Putin’s War to Reverse 15 Years of Economic Growth in Russia

The rouble collapsed last month due to Russia’s invasion of Ukraine, disrupting global supply lines and commodity prices. According to the Institute of International Finance, Russia is on track to erase 15 years of economic gains by the end of 2023 due to its invasion of Ukraine; subsequently, this caused a slew of sanctions and corporations to flee the country.

In a preliminary assessment of the war’s impact, economists Benjamin Hilgenstock and Elina Ribakova predicted that the economy would contract 15% in 2022, followed by a 3% decline in 2023; this left gross domestic product roughly where it was fifteen years ago. However, further sanctions could change their minds.

Outlook on Russian Economy 

Sharply weaker domestic demand should play a major role, the analysts said; while a drop in imports should offset lower exports, resulting in a modestly positive contribution from net foreign demand. However, if Russia receives more sanctions exports may decrease lower than we now predict.

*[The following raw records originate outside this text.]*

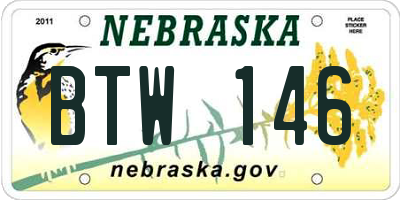 NE license plate BTW146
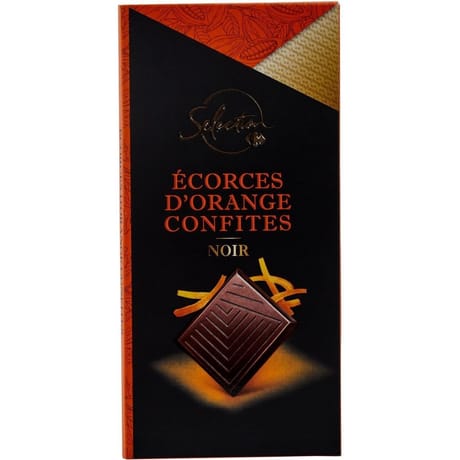Carrefour sélection tablette de chocolat noir écorces d'orange confite - 100g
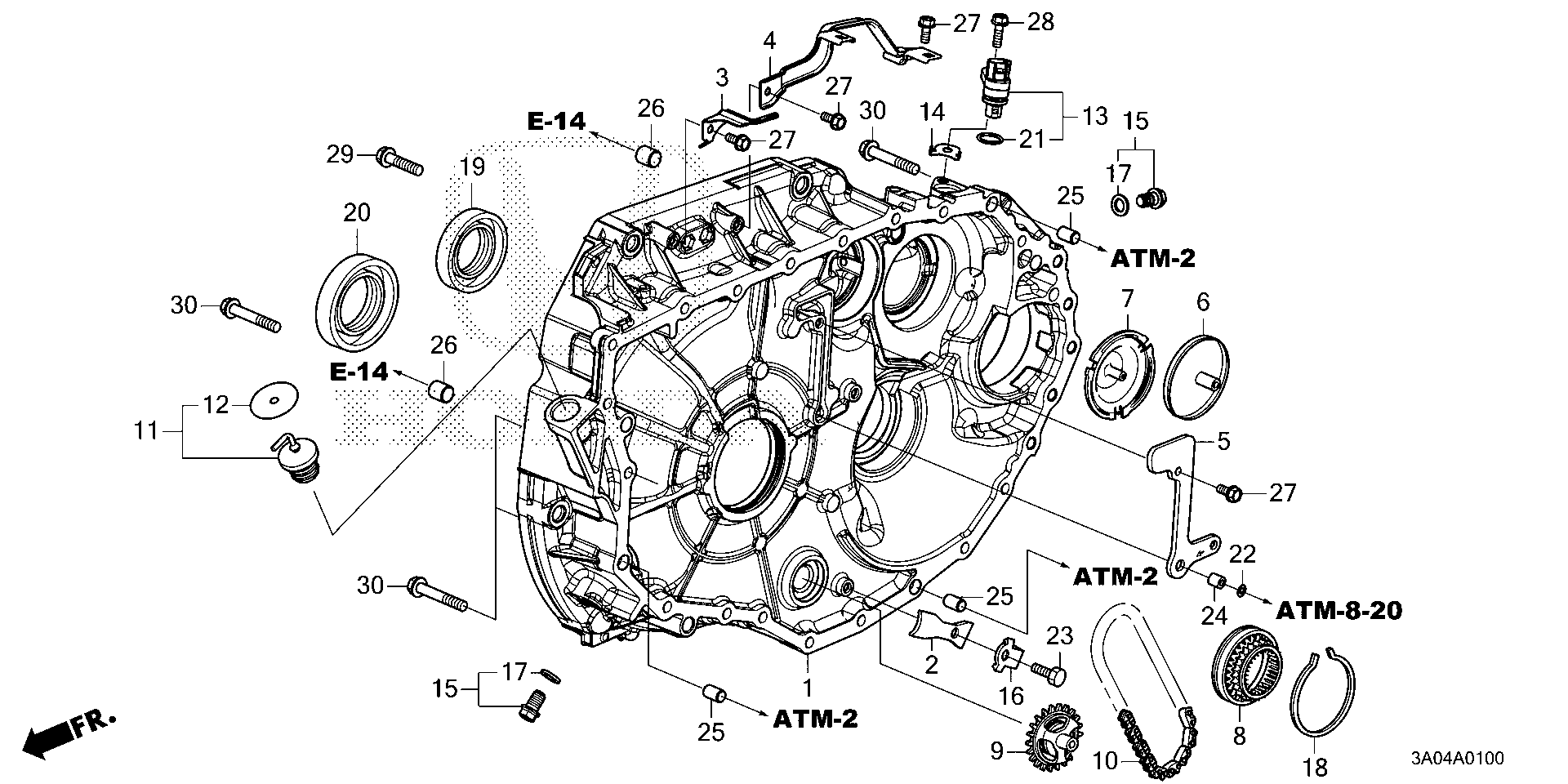 Diagram TORQUE CONVERTER CASE for your 2007 Honda CR-V   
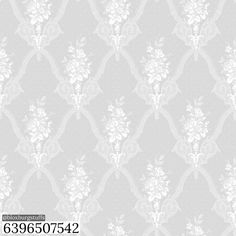 a wallpaper with white flowers and vines on grey background, suitable for use in the interior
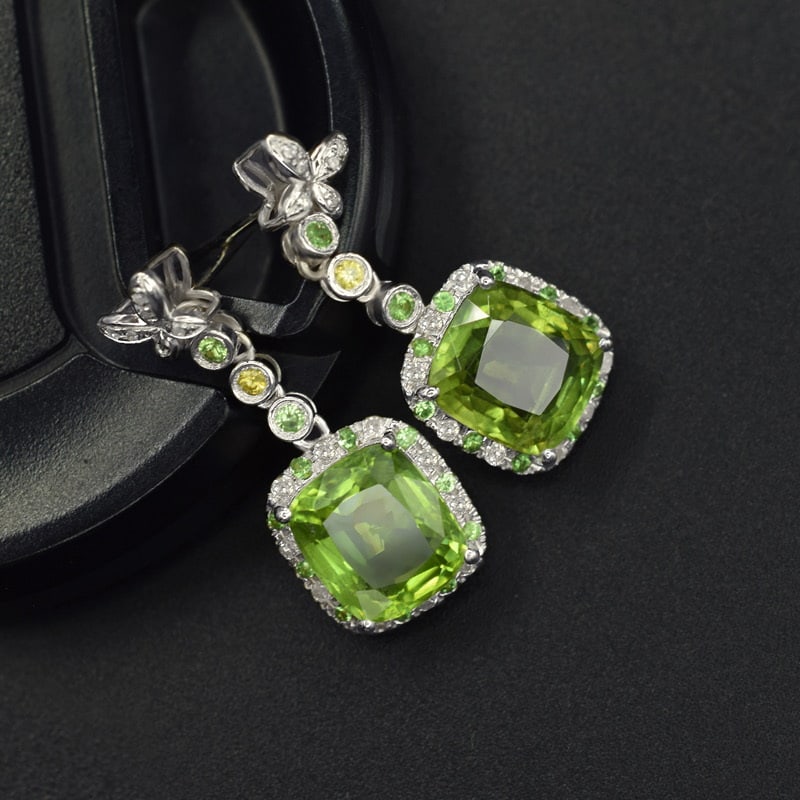 14k Gold 7.05 Ctw Natural Peridot & Diamond Earrings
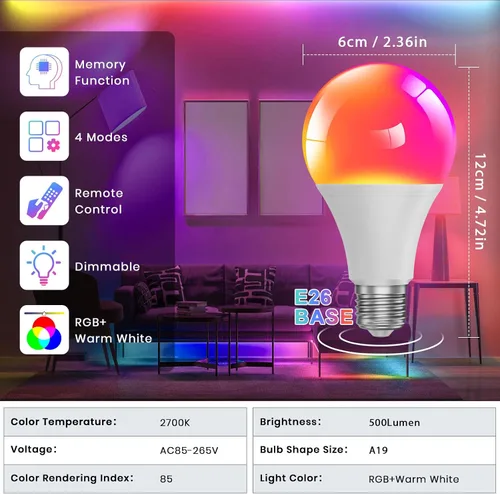 Vista 2 de Bombilla de luz que cambia de color con control remoto, 9 W, A19, E27, blanco cálido, 2700 K, 500 lúmenes, bombilla LED regulable, función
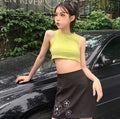Summer Korean Style Chic Floral Embroidered Halter Top Skirt Set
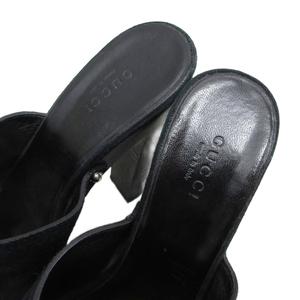 グッチ GUCCI ホースビット サンダル ミュール スタッズ 厚底 プラットフォーム チャンキーヒール 23.5㎝ 黒 ブラック ■IBO100 レディース
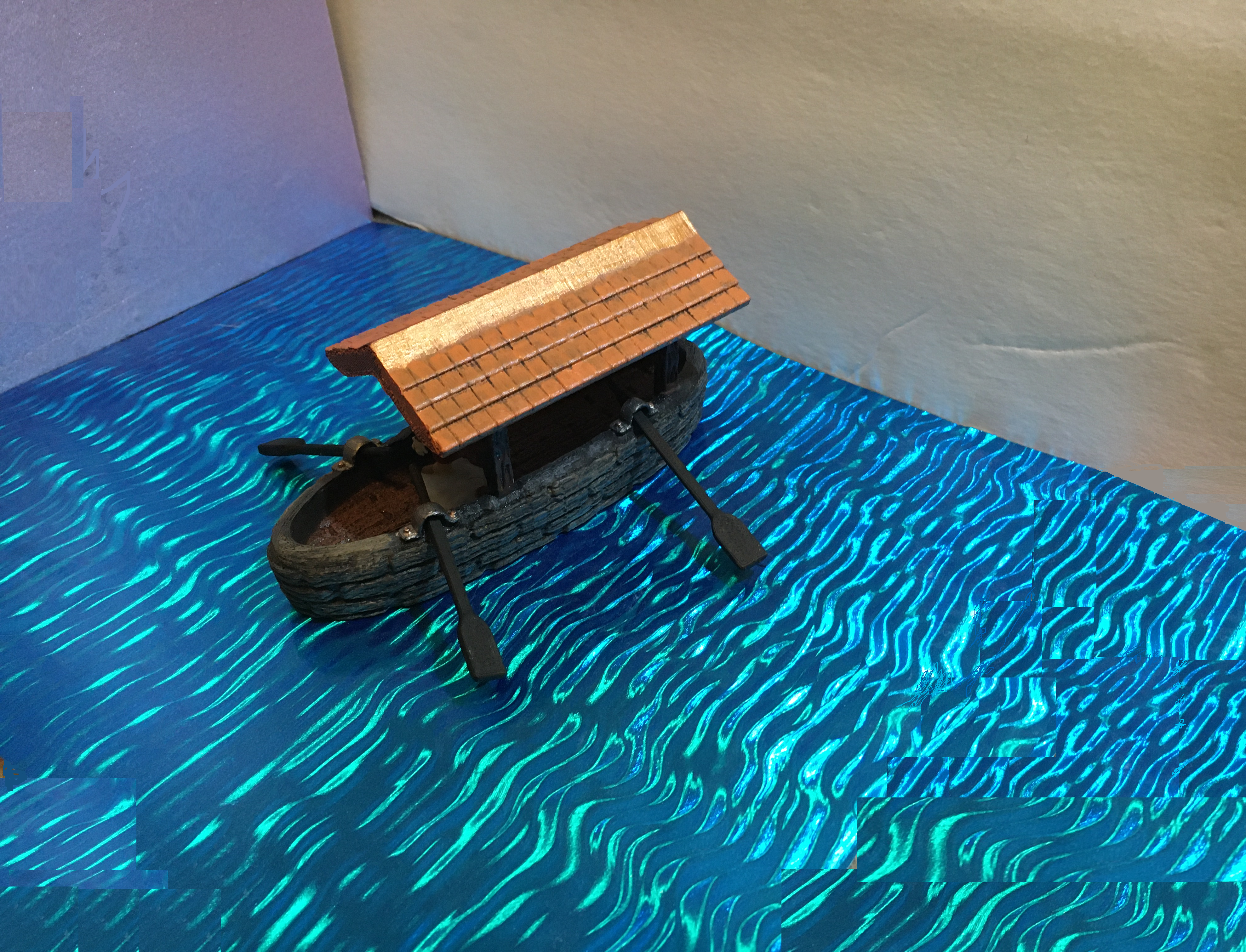 Miniature Covered Boat with Oars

The Russian invasion of Ukraine last month caused the currency to collapse and threw global supply chains and commodity markets into upheaval and promoted a major exodus of businesses from the nation. Renault SA, a French manufacturer, is the latest to withdraw, declaring that it would close its Moscow facility and is examining the future of a long-running Russian business named AvtoVaz.

Even after the immediate economic blow, Russia’s economy will be harmed for years by a so-called “brain drain” — the exodus of educated, middle-class Russians with the financial means to leave the country — and by U.S. and EU export controls on technology, including microelectronics; it will stifle technological development in Russia for years, according to the IIF.

Simultaneously, “self-sanctioning” by international corporations that no longer want to do business with Russia would damage key areas of the Russian economy, according to the paper. The IIF analysts said, “The negative impact on medium- and long-term economic prospects might be much more significant.”